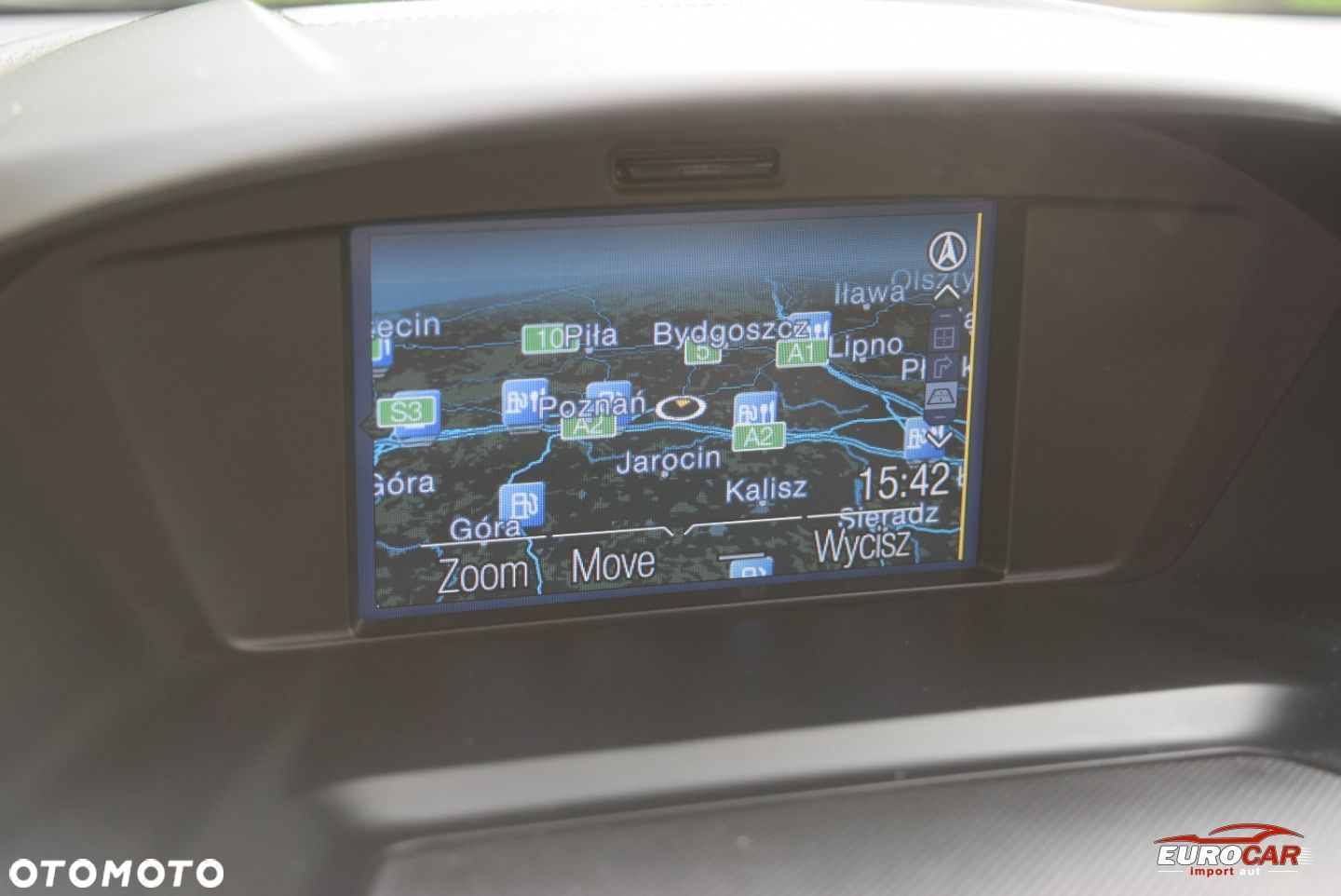 Ford Kuga 2.0 TDCi 2x4 Titanium - 24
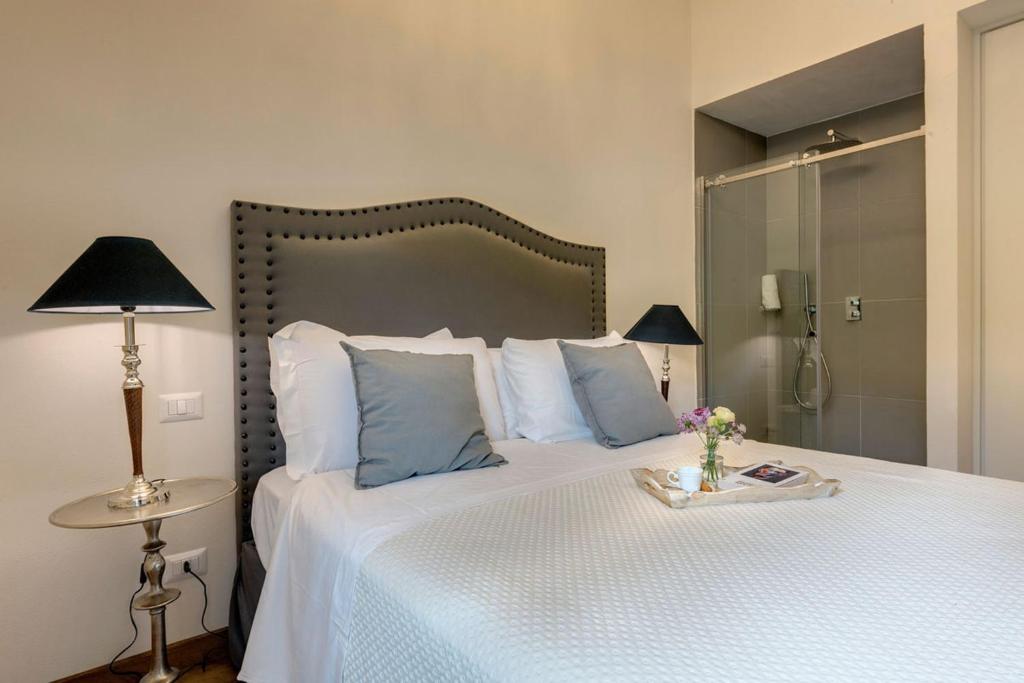 Łóżko lub łóżka w pokoju w obiekcie AMORE RENTALS - Villa Mia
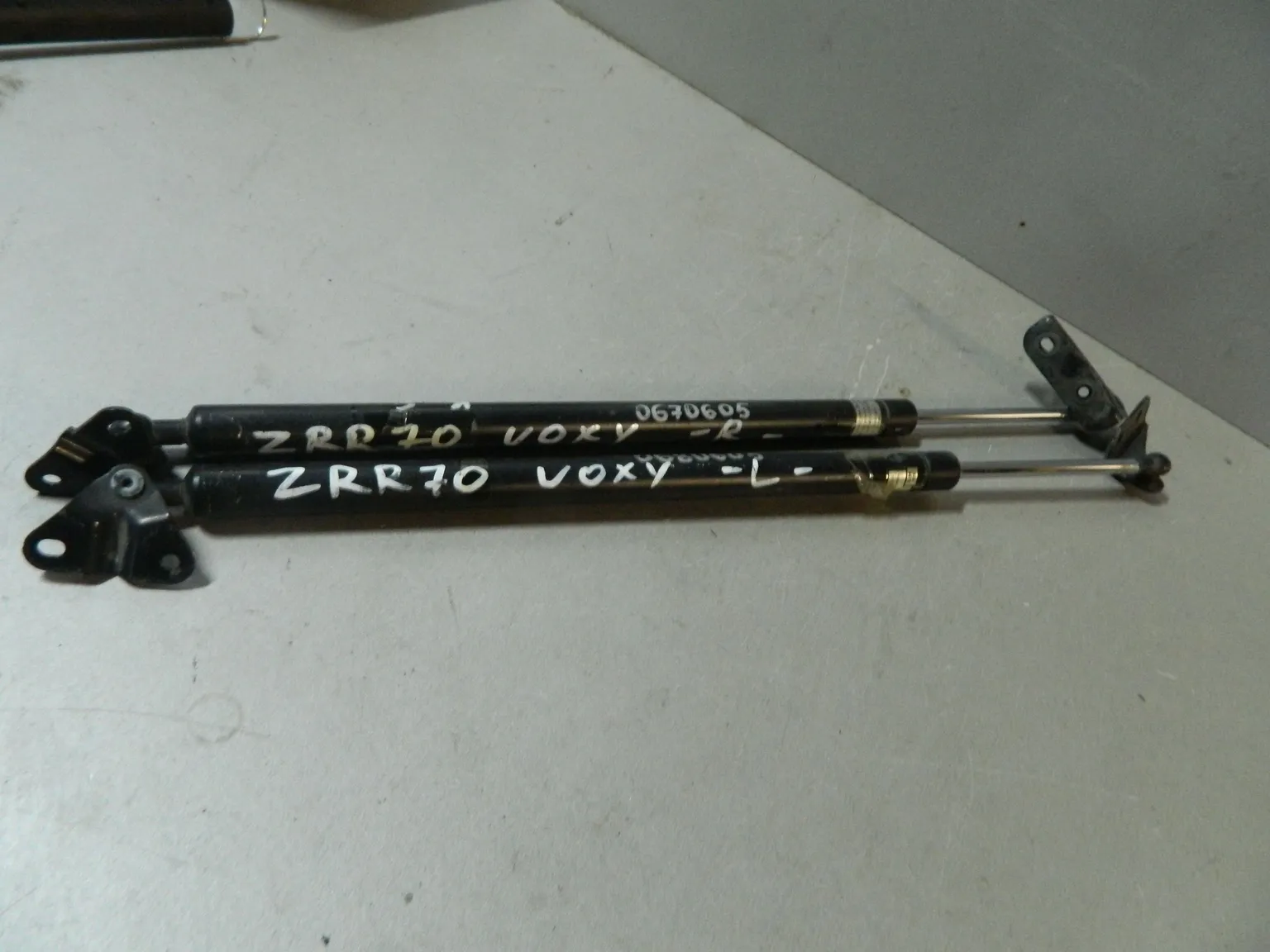 Амортизатор багажника TOYOTA VOXY ZRR70 (Контрактный) 81528933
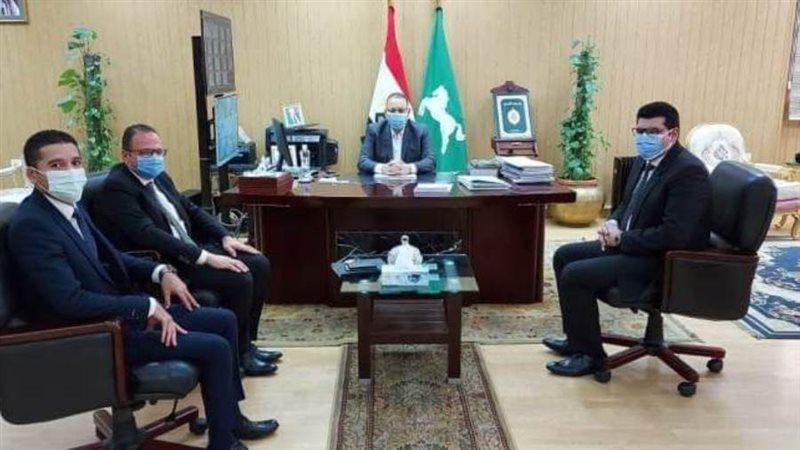 محافظ الشرقية يستقبل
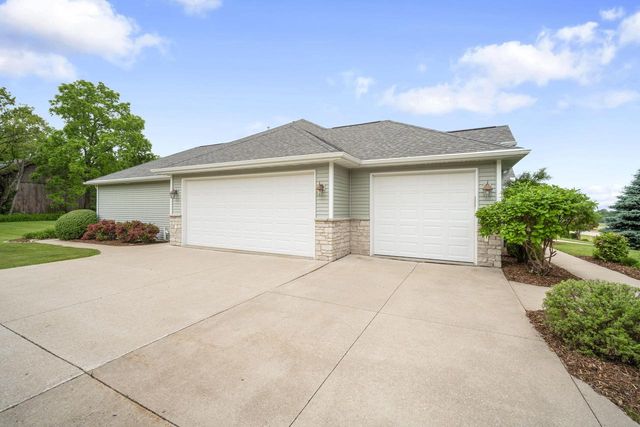 1604 Bellevue BOULEVARD, Fond Du Lac, WI 54937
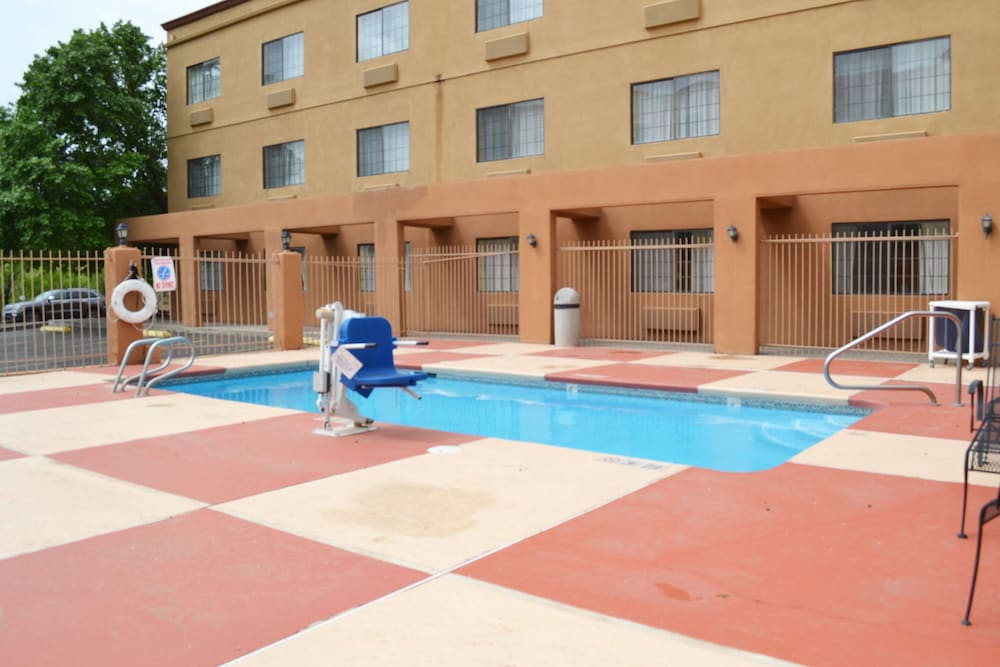 Ramada by Wyndham Santa Fe 2/36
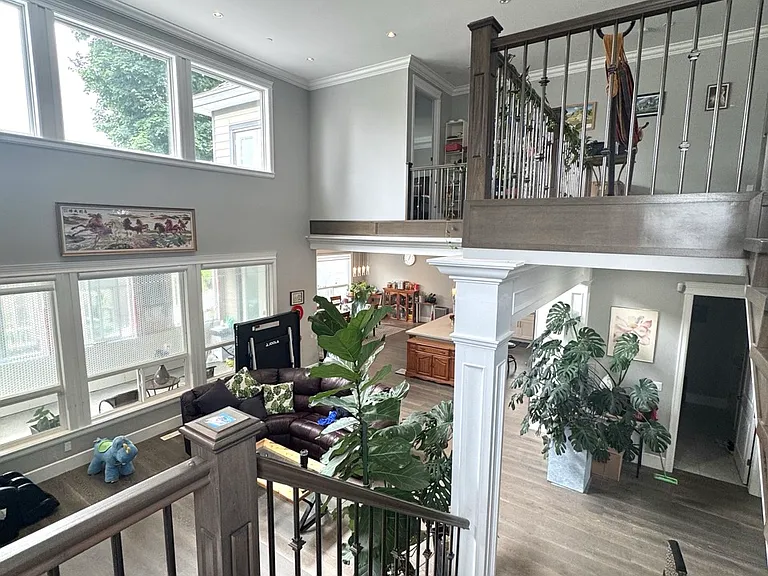 1732 Manning Ave — Photo 9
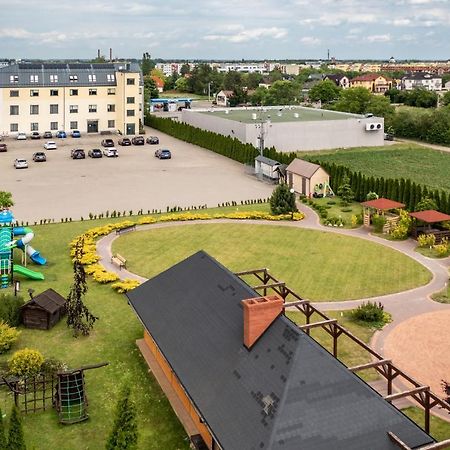 Hotel Austeria Conference & Spa チェホチネク エクステリア 写真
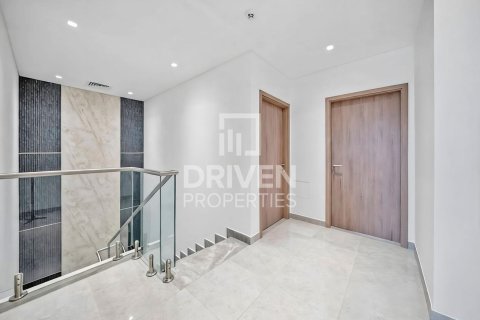 Снять в аренду виллу в District One, Мохаммед Бин Рашид Сити, Дубай: 4 спальни, 350.8м², № 127859 - фото 7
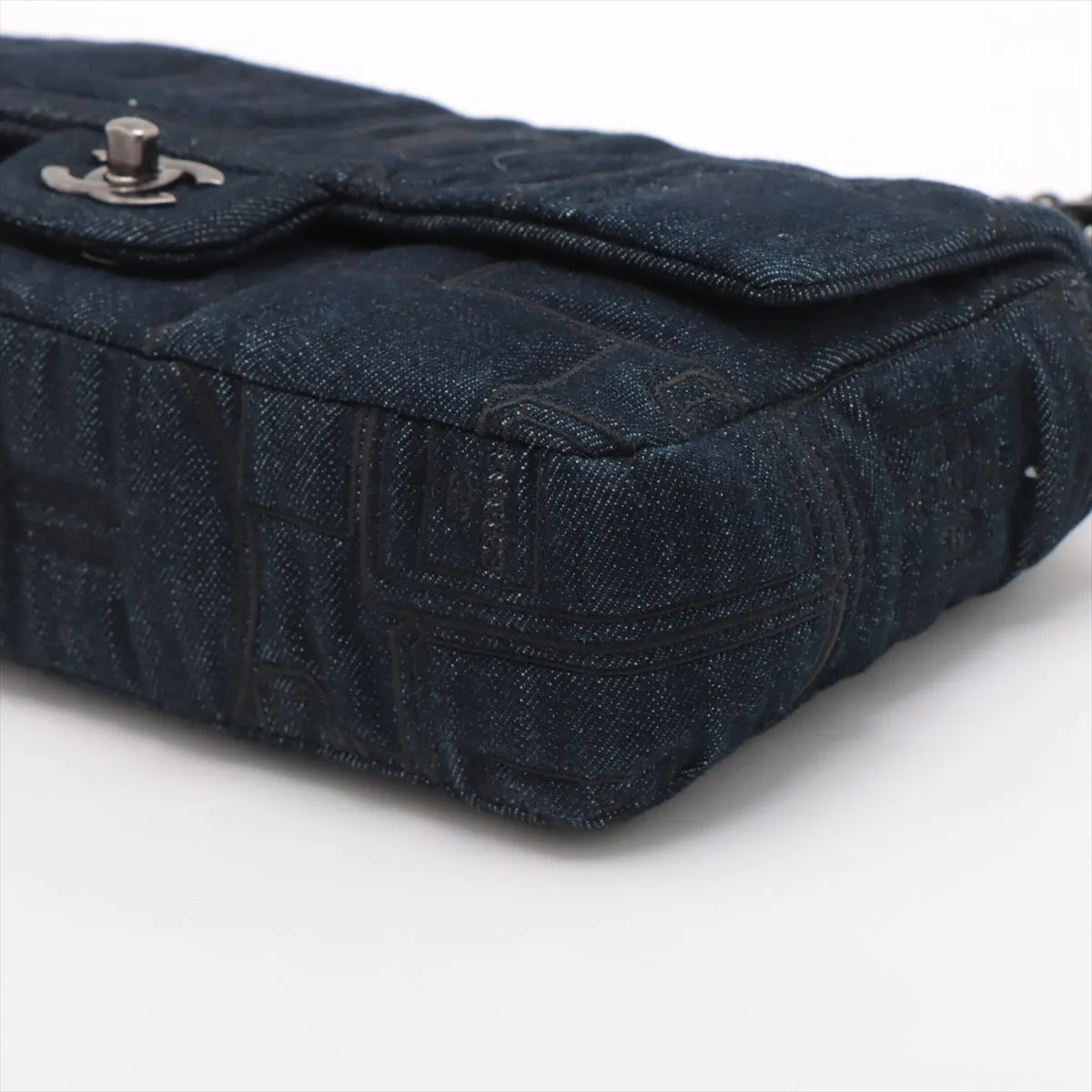 Chanel Coca-Cola Denim Single Flap Double Chain Bag Blue Gummetal Gold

◆ ◆ ◆ ◆

### WHAT YOU SHOULD DO
Your answer should consist solely of the lines from the one holding "1604 Bellevue BOULEVARD, Fond" through the end of the listing, reproduced exactly and without pictures.

### RESULT OF THIS EXERCISE
 1604 Bellevue BOULEVARD, Fond Du Lac, WI 54937
 Ramada by Wyndham Santa Fe 2/36
 1732 Manning Ave — Photo 9
 Hotel Austeria Conference & Spa チェホチネク エクステリア 写真
 Снять в аренду виллу в District One, Мохаммед Бин Рашид Сити, Дубай: 4 спальни, 350.8м², № 127859 - фото 7
 Chanel Coca-Cola Denim Single Flap Double Chain Bag Blue Gummetal Gold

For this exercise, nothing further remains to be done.